Mean Mums and Golden Boy both came about through Three's Comedy Pilot Week last year.
A TV network taking a punt on new local content is always a welcome move. It's even better when that gamble actually pays off.
Case in point? Three's Comedy Pilot Week.
Those of you who can still remember as far back as last September may recall Three airing five localhalf-hour sitcom pilots, with ratings and viewer feedback determining which – if any of them – would be picked up for a full run.
And despite this country's very patchy history of producing watchable sitcoms, two of those pilots were each given the green light to become an eight-part series: Mean Mums, a South Pacific Pictures production that got the highest overall rating during the experiment, and MediaWorks' own contribution, Golden Boy.
Both shows finally premiered last night in a rare local comedy double bill, with Mean Mums first out of the gate to prove its worth as a fully fledged series.
Written by Amanda Alison, the show focuses on three women who make up the fundraising committee at a primary school.
Morgana O'Reilly stars as single mum Jess, who's desperate to become friends with her fellow committee members, Hine (Aroha Rawson), an unflappable mother of five, and Heather (Anna Jullienne), the prickly, perfectionist super-mum of your schoolyard nightmares.
I have to admit (especially since I wrote it in this very column back in September) that I didn't especially care for the original Mean Mums pilot. While the three leads all had great charisma, the jokes about mums in the school yard were all ones I'd heard a thousand times before.
Thankfully, those jokes have sharpened up since the pilot episode aired.

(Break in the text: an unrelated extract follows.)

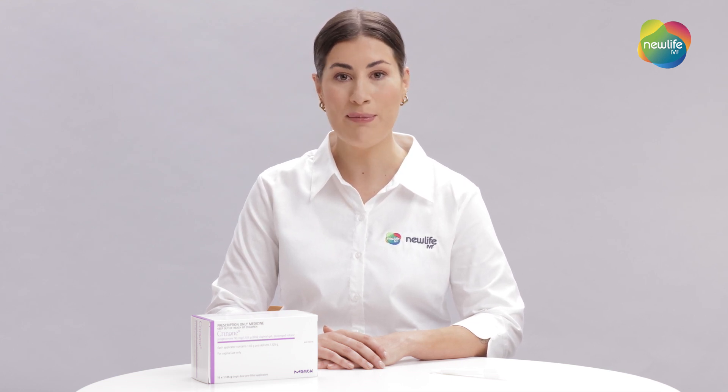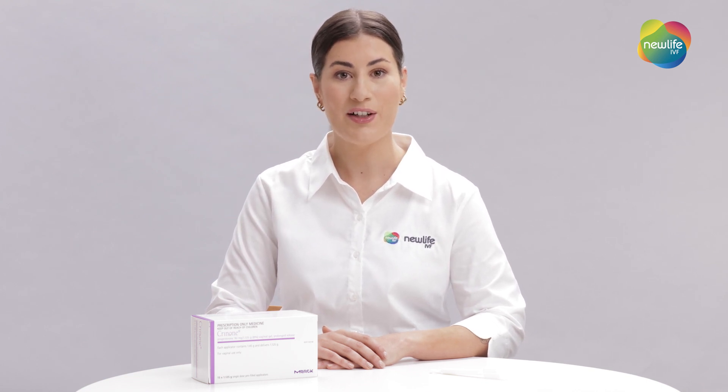Welcome to our New Life IVF medication video series. My name is Chloe and I will be showing you how to administer Crinone Gel. Crinone is a progesterone medication that helps to support the lining of your uterus. Your fertility nurse will advise when to commence this medication. Crinone is a medication that is administered vaginally.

While an early, juvenile gag about a sausage sizzle poster featuring some unfortunate sausage and coin placement had me dreading what was to follow for the next 20 minutes, this new episode had some decent zingers – and next week's schoolyard nits caper looks even better.

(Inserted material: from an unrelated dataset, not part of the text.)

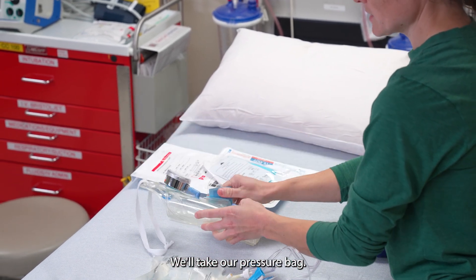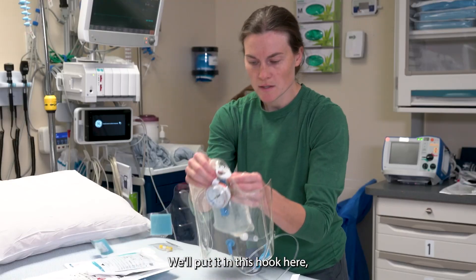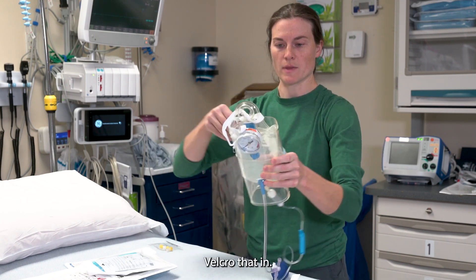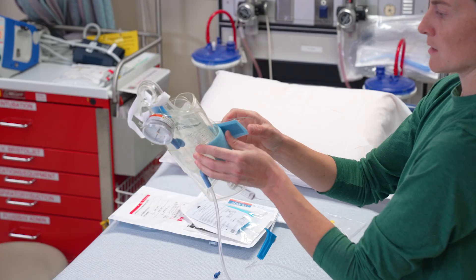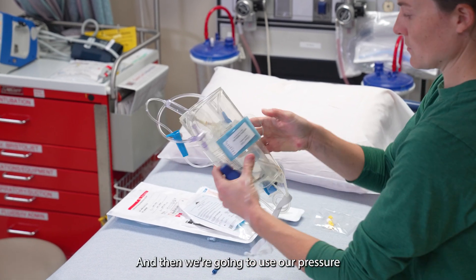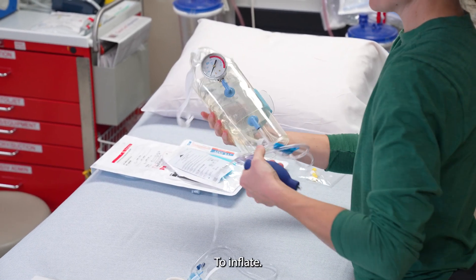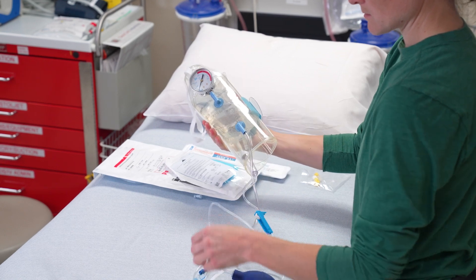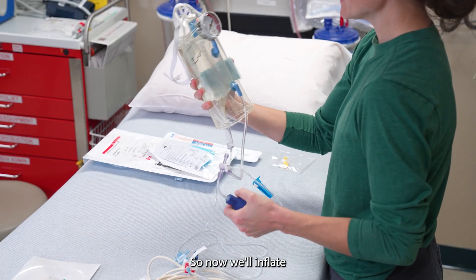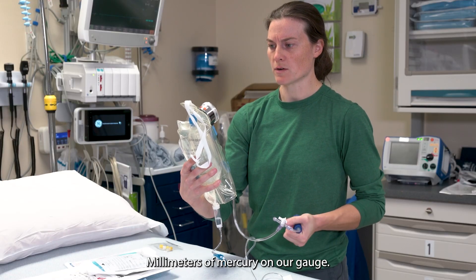We'll take our pressure bag, put it in this hook here, and then Velcro that in. The next thing we're going to do is invert, and then we're going to use our pressure gauge here to inflate. We'll inflate and go up to just a little bit over 300 millimeters of mercury on our gauge.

While Jullienne gets the lion's share of the good lines as Heather snips about the "street value" of the sausages given away at a fundraiser, it's still hard to beat O'Reilly's sparkly energy as Jess, as she perfectly encapsulates the show's comedy-with-a-heart-of-gold vibe.

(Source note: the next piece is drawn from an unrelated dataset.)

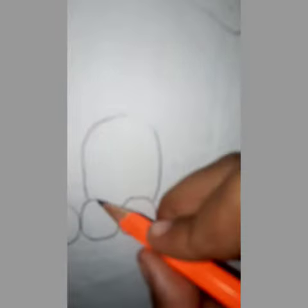I'm zooming in so you can see better. First you need to make it up like this — there we go. And now you need to make the eyes. The eyes are hard, but it's okay.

The show is appropriately sitcom sweet but with just enough sting in its tail to avoid syrupy territory, helped in part by Cori Gonzalez-Macuer's turn as grumpy school caretaker, Freddy.
Mean Mums also has the undeniable advantage of running immediately after Three's biggest TV property, The Block NZ – but hopefully viewers also hang on long enough to take in Golden Boy, because it's the real treat of this double bill.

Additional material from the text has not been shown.